→ **What is being asked**:
First find the line with "缝纫工10人，烫工2人.锁眼，订扣1人，生产组长领班1人。-第7张图片" in the entries below, then set down exactly every line through the line with "Салон Toyota Aqua 2026", that line included.

→ **Dataset records**:
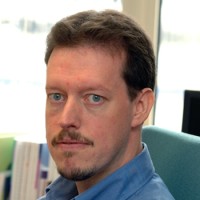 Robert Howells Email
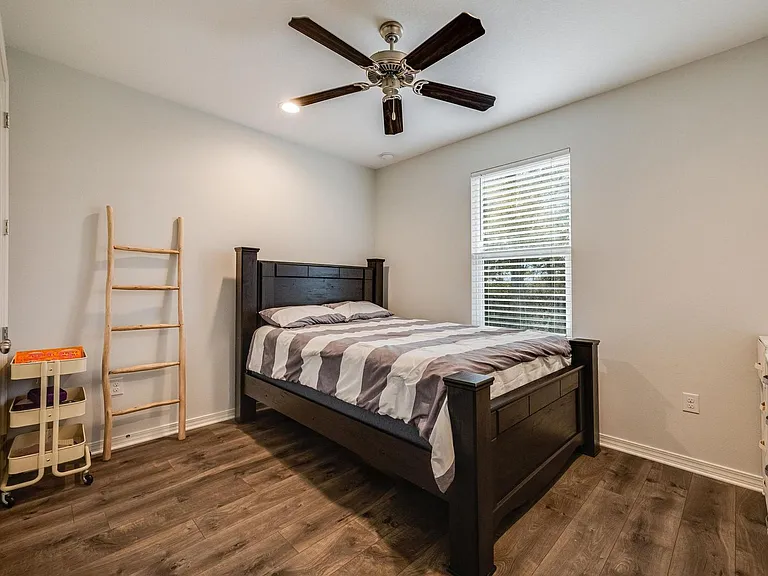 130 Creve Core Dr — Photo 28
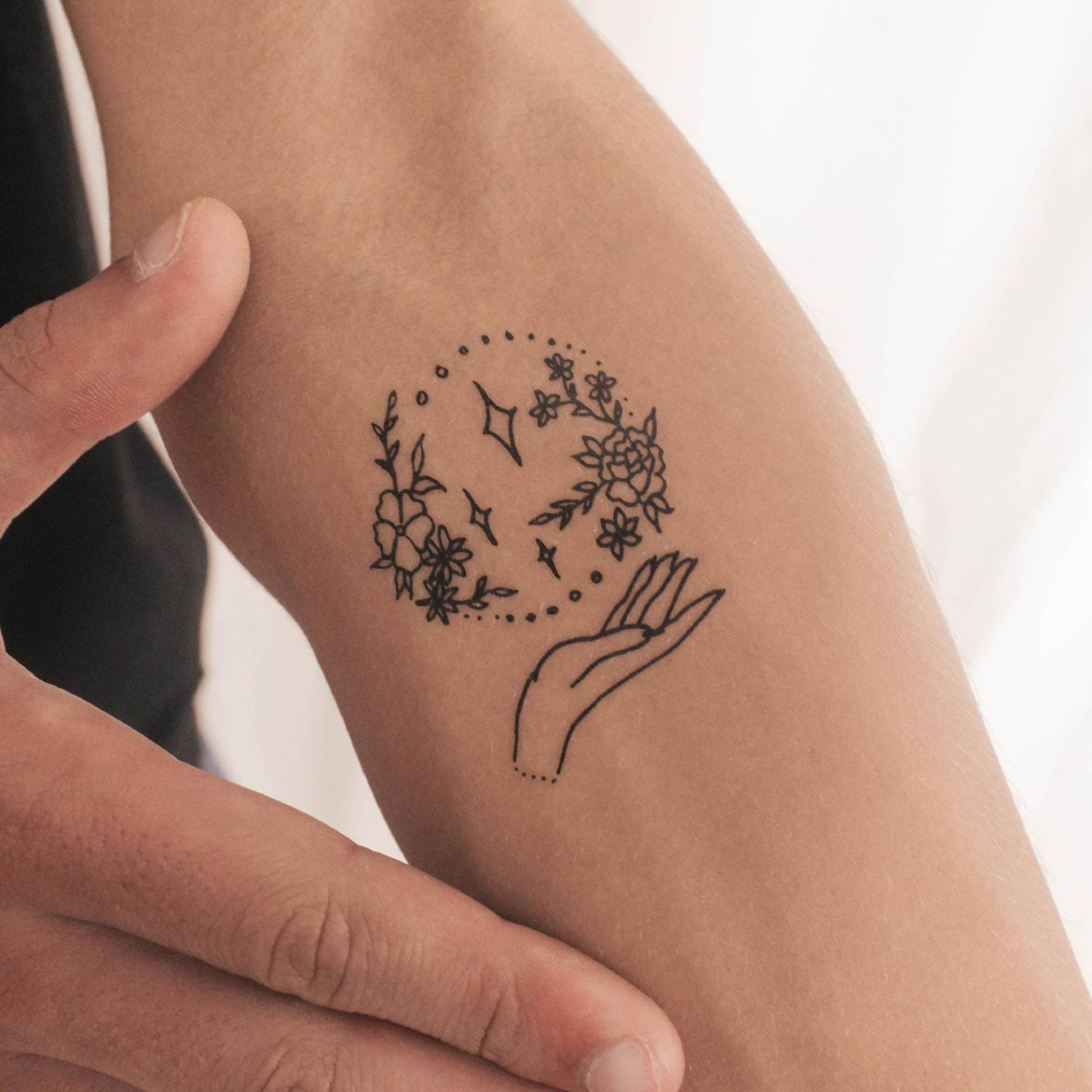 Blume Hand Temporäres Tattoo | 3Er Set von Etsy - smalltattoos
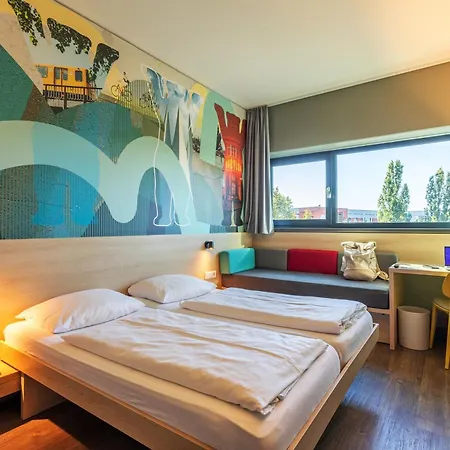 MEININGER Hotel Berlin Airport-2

* * *

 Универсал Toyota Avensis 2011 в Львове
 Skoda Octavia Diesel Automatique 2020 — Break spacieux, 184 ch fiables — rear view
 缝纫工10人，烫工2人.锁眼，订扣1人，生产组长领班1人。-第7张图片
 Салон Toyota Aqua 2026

→ **Problem solution**:
 缝纫工10人，烫工2人.锁眼，订扣1人，生产组长领班1人。-第7张图片
 Салон Toyota Aqua 2026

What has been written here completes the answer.